DATA SUPPLIED:
>>>
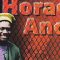 Horace andy – Just say woman – Attack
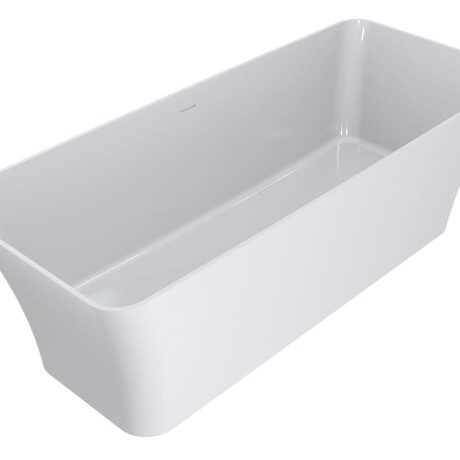 Baignoire BONITA #5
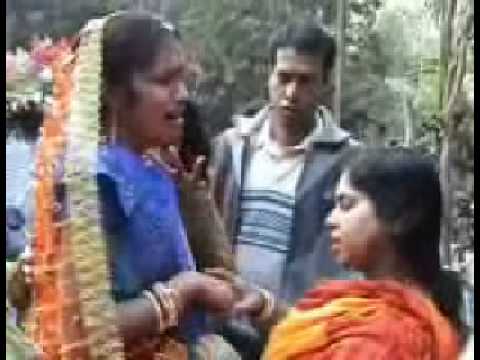 Keno dure thako hemanta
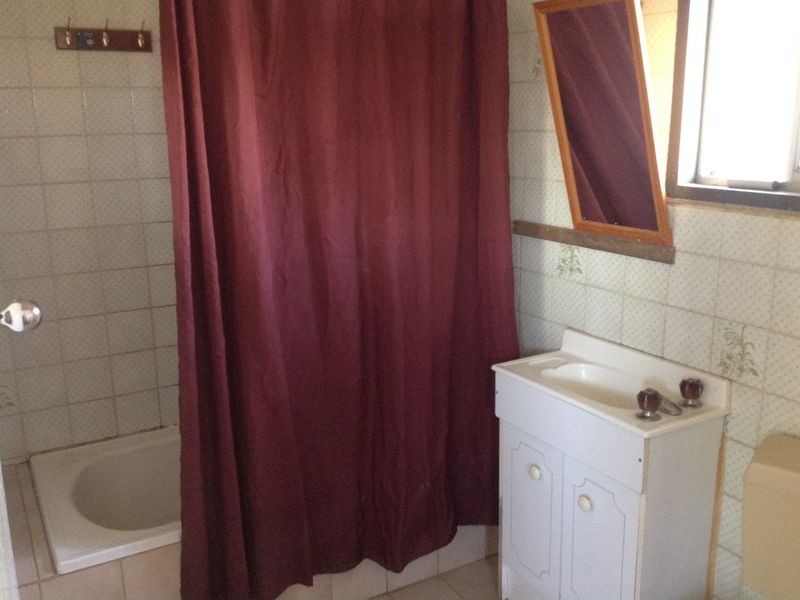 13 Soderberg Road, Monash SA 5342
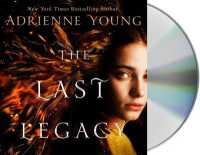 The Last Legacy （Unabridged）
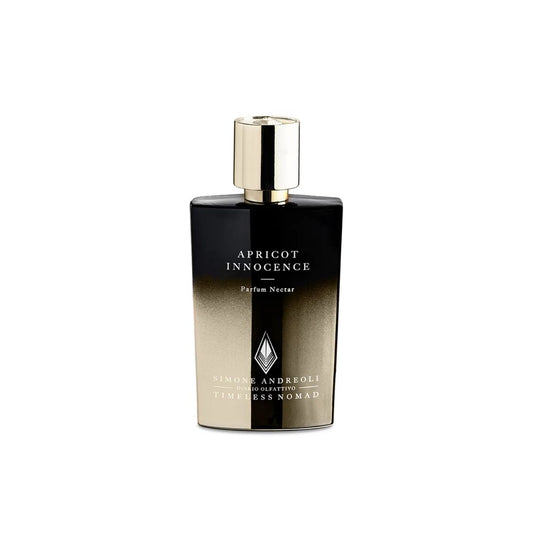 Apricot Innocence Extrait de Parfum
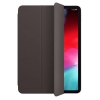 Чохол Original Smart Case для Apple iPad Pro 11 (2018) Dark Brown (ARM54004)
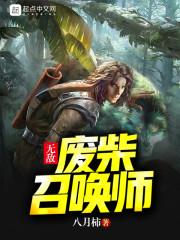 青海最近适合旅游吗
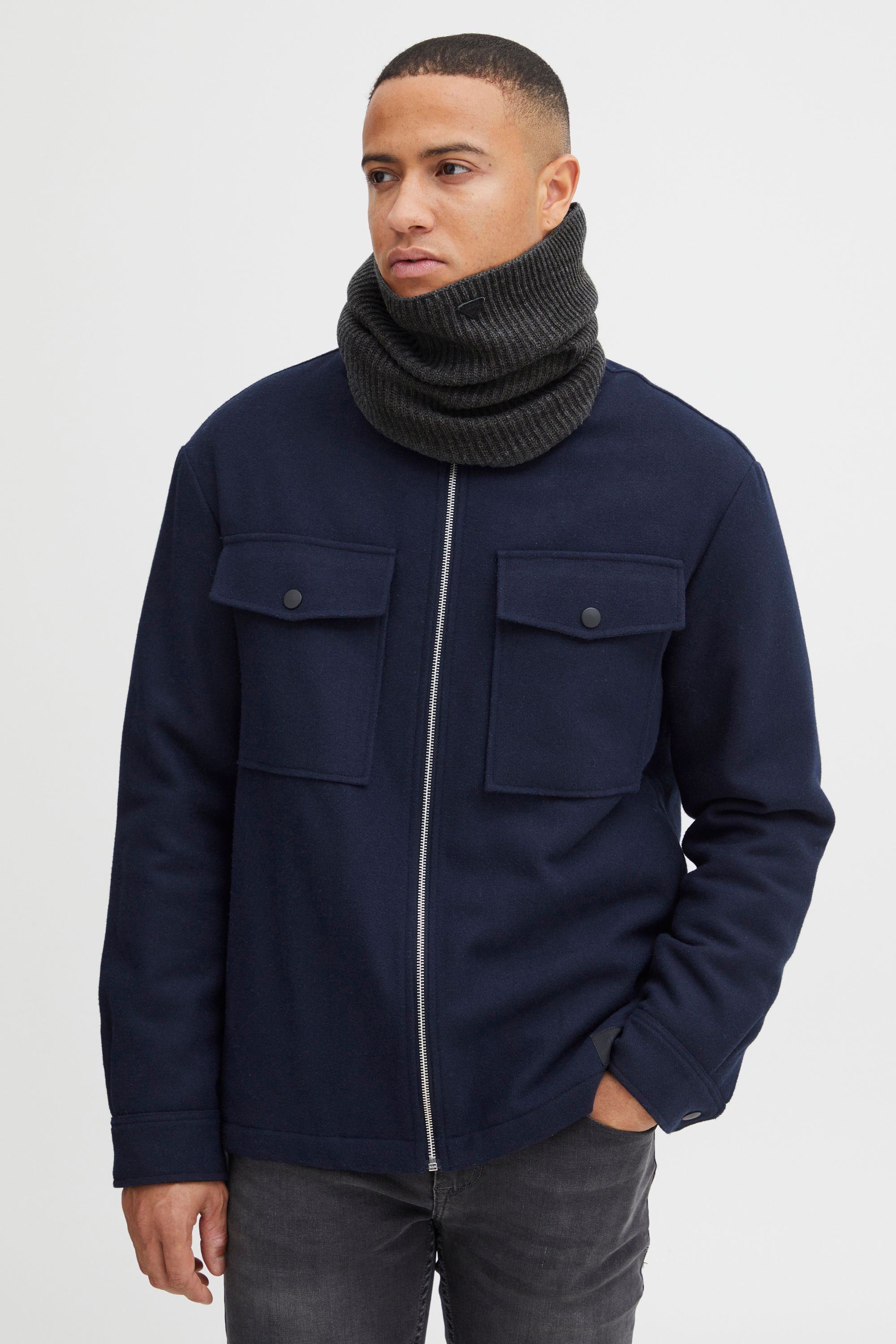 Blend Loop »Loop BHChivi«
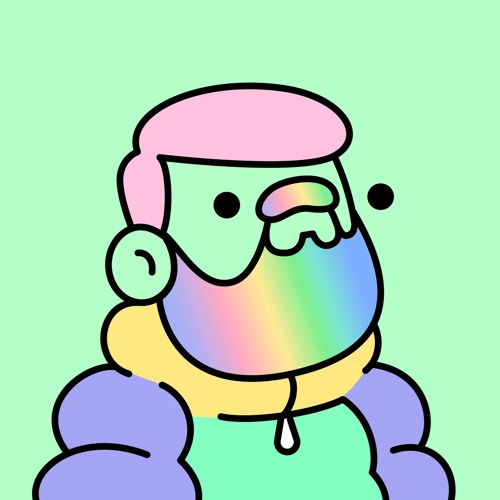 Doodle #4492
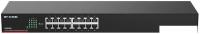 Неуправляемый коммутатор IP-COM G1016G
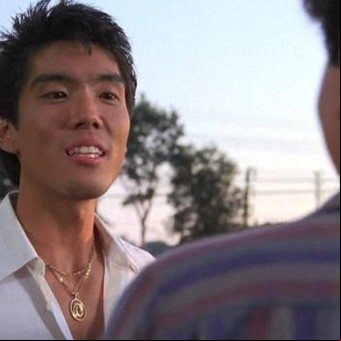 De Karate Kid 2 a Cobra Kai 3: el regreso a la pantalla de actor Yuji Okumoto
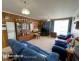14 Sawers Avenue, Kyabram VIC 3620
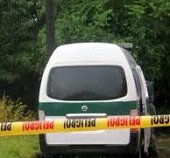 Dos personas fueron asesinadas con arma de fuego en Orocué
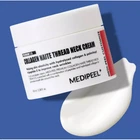Подтягивающий крем для шеи с пептидным комплексом MEDI PEEL PREMIUM COLLAGEN NAITE THREAD NECK CREAM 2.0 100мл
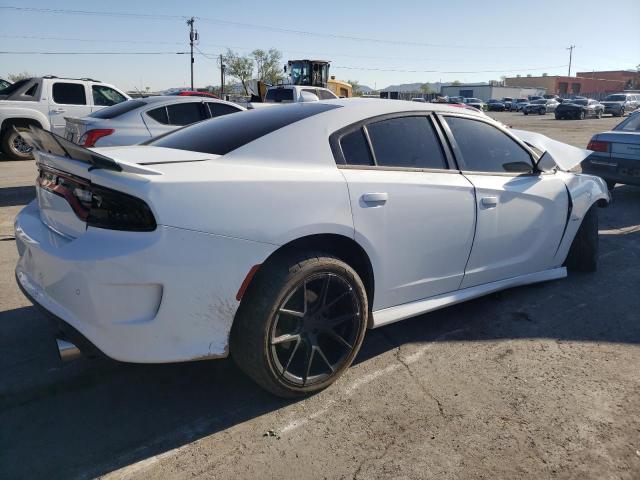 Изображение 3 2019 DODGE CHARGER R/T 2019 с VIN 2C3CDXCT9KH575135
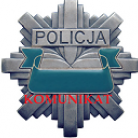 miniatura_link-do-komunikatu-komendy-powiatowej-policji-w-kamiennej-gorze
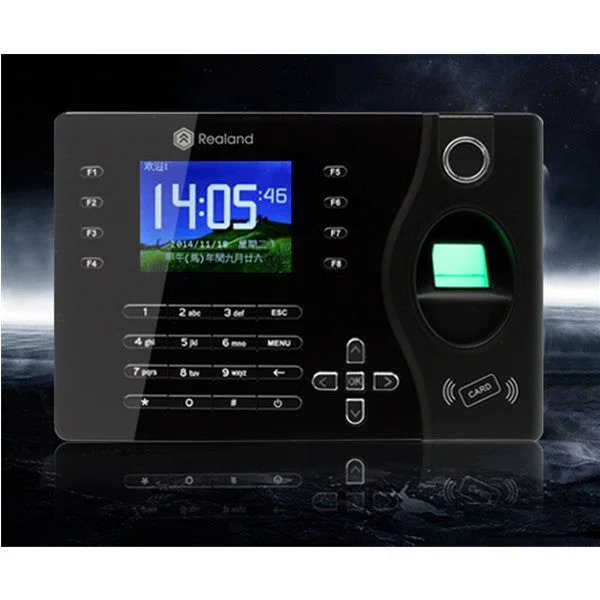 allesxl-23125748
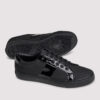 Ombre Clothing meeste madalad vabaajajalatsid - Thumbnail Image 10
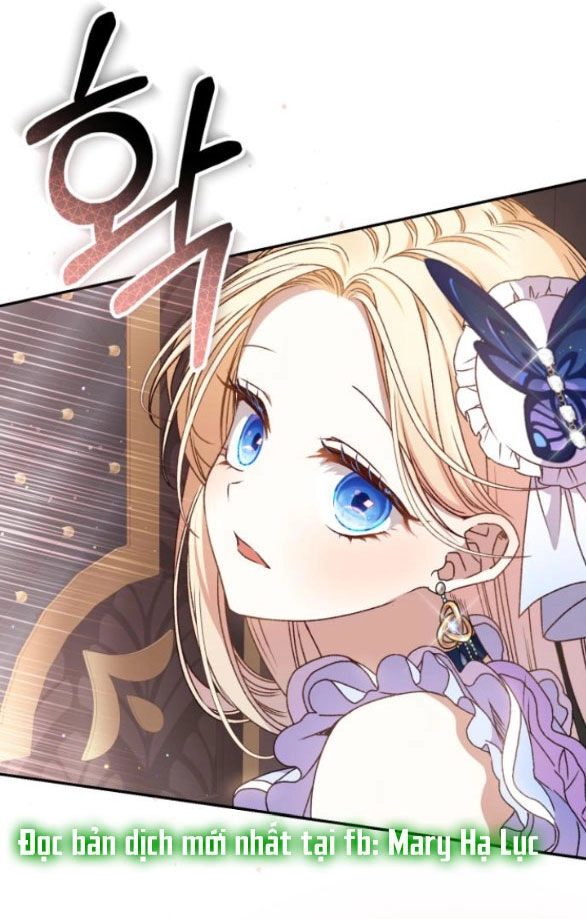 Bạo Chúa Muốn Có Cuộc Sống Tốt Đẹp Chapter 39.1 - 120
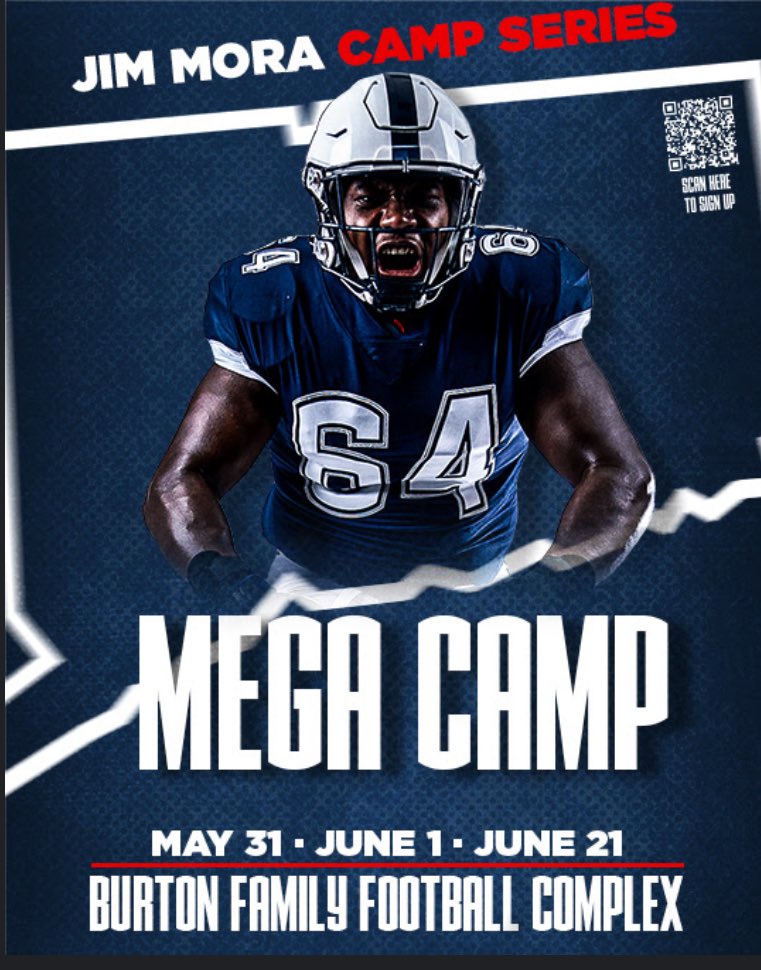 jmack20081's tweet photo. AGTG Very much appreciated thank you @UConnFootball for the mega camp invite . @PrepRedzoneAL @TDARecruiting https://t.co/EYdTNUlHlF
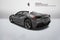 2018 Ferrari 488 Spider Base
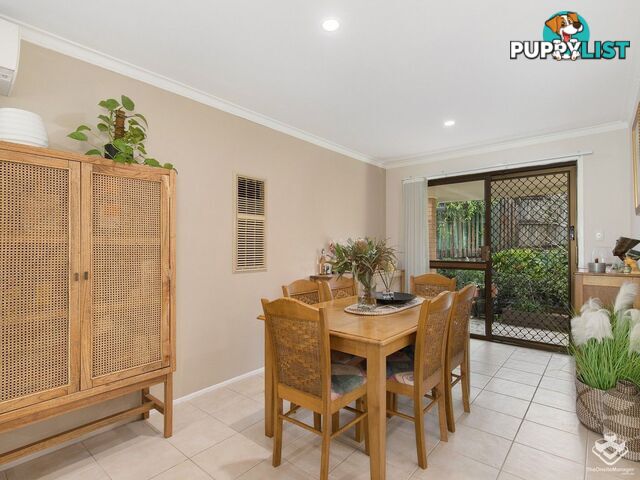 9 Eildon Place Helensvale QLD 4212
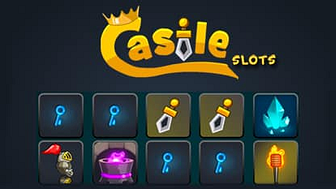 Castle Slots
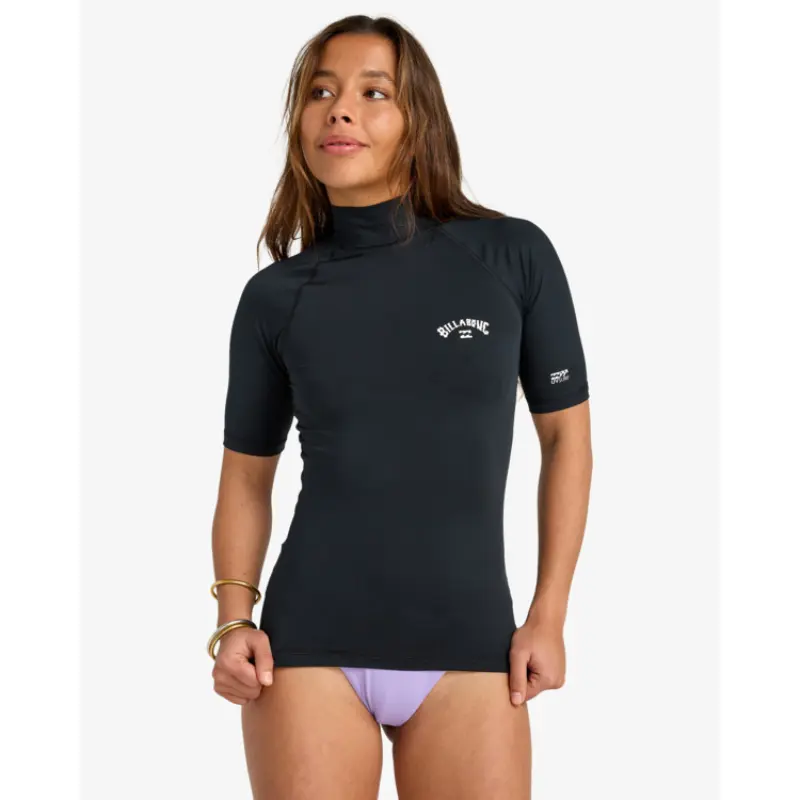 EBJWR03041 Billabong Tropical Surf Ss 2027 - Imagen 1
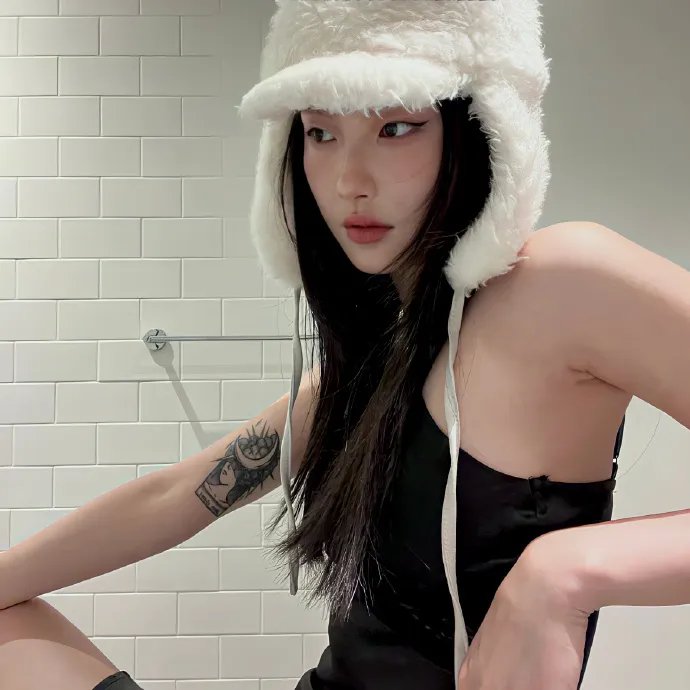 舞娘人生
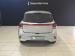 Hyundai Grand i10 1.0 Premium hatch - Thumbnail 5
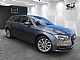 Audi&nbsp;A3&nbsp;<small><strong>Sportback 1.4 TFSI Sport SLO-1.LASTNIK-XENON-NAVI</strong></small>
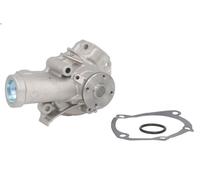 Pompa acqua SIL PA1344 per MITSUBISHI OUTLANDER I (CU_W) 2 2002-2006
<<<
Return the lines above from the one with "Baignoire BONITA #5" through the one with "Неуправляемый коммутатор IP-COM G1016G", verbatim and nothing else. Omit every picture.

TASK RESPONSE:
 Baignoire BONITA #5
 Keno dure thako hemanta
 13 Soderberg Road, Monash SA 5342
 The Last Legacy （Unabridged）
 Apricot Innocence Extrait de Parfum
 Чохол Original Smart Case для Apple iPad Pro 11 (2018) Dark Brown (ARM54004)
 青海最近适合旅游吗
 Blend Loop »Loop BHChivi«
 Doodle #4492
 Неуправляемый коммутатор IP-COM G1016G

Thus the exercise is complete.